Scatterplot with marginal rugs

When we want to compare the distributions of two variables in a scatterplot, sometimes it is hard to see the marginal distributions. To observe the marginal distributions more clearly, we can add “rugs” using the rug function. A rug is a one-dimensional density plot drawn on the axis of a plot.

Let's start with some data for two groups.

set.seed(1)
x1 <- rnorm(1000)
x2 <- rbinom(1000, 1, 0.7)
y <- x1 + 5 * x2 + 3 * (x1 * x2) + rnorm(1000, 0, 3)

We can plot the scatterplot for each group separately in red and blue. We can then add some marginal “rugs” to each side. We could do this for all the data or separately for each group. To do it separately for each group, we need to specify the line parameter so that the rugs don't overwrite each other.

plot(x1[x2 == 1], y[x2 == 1], col = "tomato3", xaxt = "n", yaxt = "n", xlab = "", 
    ylab = "", bty = "n")
points(y[x2 == 0] ~ x1[x2 == 0], col = "royalblue3")
# x-axis rugs for each group
rug(x1[x2 == 1], side = 1, line = 0, col = "tomato1", tck = 0.01)
rug(x1[x2 == 0], side = 1, line = 0.5, col = "royalblue1", tck = 0.01)
# y-axis rugs for each group
rug(y[x2 == 1], side = 2, line = 0, col = "tomato1", tck = 0.01)
rug(y[x2 == 0], side = 2, line = 0.5, col = "royalblue1", tck = 0.01)
# Note: The `tck` parameter specifies how tall the rug is. A shorter rug
# uses less ink to communicate the same information.
axis(1, line = 1)
axis(2, line = 1)

plot of chunk unnamed-chunk-2

The last two lines add some axes a little farther out than they normally would be on the plots.
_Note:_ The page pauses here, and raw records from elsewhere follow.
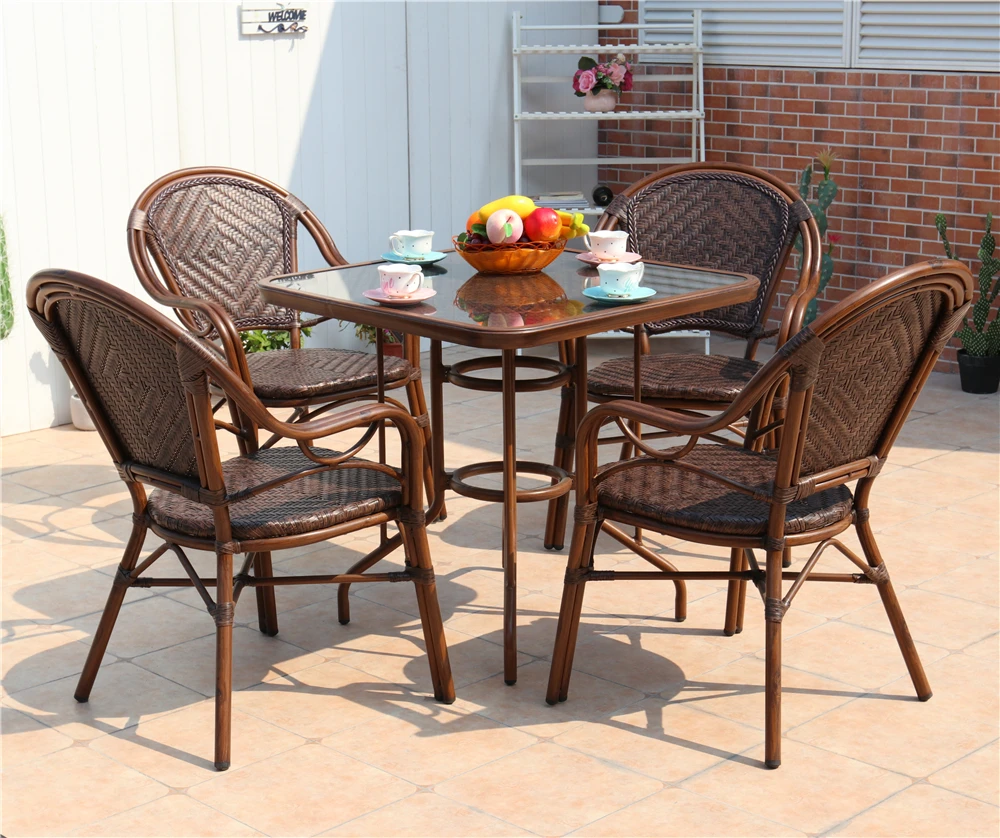 ALUMINUM PLASTIC WICKER TABLE OUTDOOR PLASTIC RATTAN TABLE
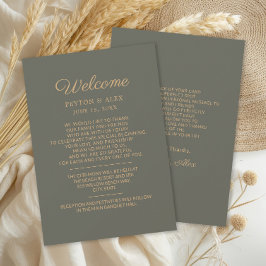 Itinerário de Boas-vindas de Casamento Verde Oliva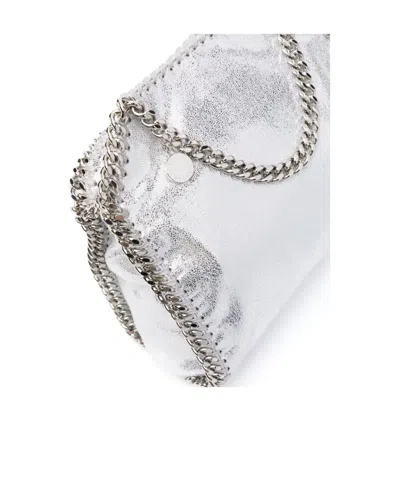 Stella Mccartney Mini Falabella Metallic Faux Leather Tote In Silver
We might also want to add some more descriptives to the plot. For example, the marginal means for each group as a small black line of the rugs:

plot(x1[x2 == 1], y[x2 == 1], col = "tomato3", xaxt = "n", yaxt = "n", xlab = "", 
    ylab = "", bty = "n")
points(y[x2 == 0] ~ x1[x2 == 0], col = "royalblue3")
rug(x1[x2 == 1], side = 1, line = 0, col = "tomato1", tck = 0.01)
rug(x1[x2 == 0], side = 1, line = 0.5, col = "royalblue1", tck = 0.01)
rug(y[x2 == 1], side = 2, line = 0, col = "tomato1", tck = 0.01)
rug(y[x2 == 0], side = 2, line = 0.5, col = "royalblue1", tck = 0.01)
axis(1, line = 1)
axis(2, line = 1)
# means(on x-axis rugs)
Axis(at = mean(x1[x2 == 1]), side = 1, line = 0, labels = "", col = "black", 
    lwd.ticks = 3, tck = 0.01)
Axis(at = mean(x1[x2 == 0]), side = 1, line = 0.5, labels = "", col = "black", 
    lwd.ticks = 3, tck = 0.01)
# means(on y-axis rugs)
Axis(at = mean(y[x2 == 1]), side = 2, line = 0, labels = "", col = "black", 
    lwd.ticks = 3, tck = 0.01)
Axis(at = mean(y[x2 == 0]), side = 2, line = 0.5, labels = "", col = "black", 
    lwd.ticks = 3, tck = 0.01)

plot of chunk unnamed-chunk-3

As should be clear, the means of x1 are similar in both groups, but the means of y in each group differ considerably. By combining the scatterplot with the rug, we are able to communicate considerable information with little ink.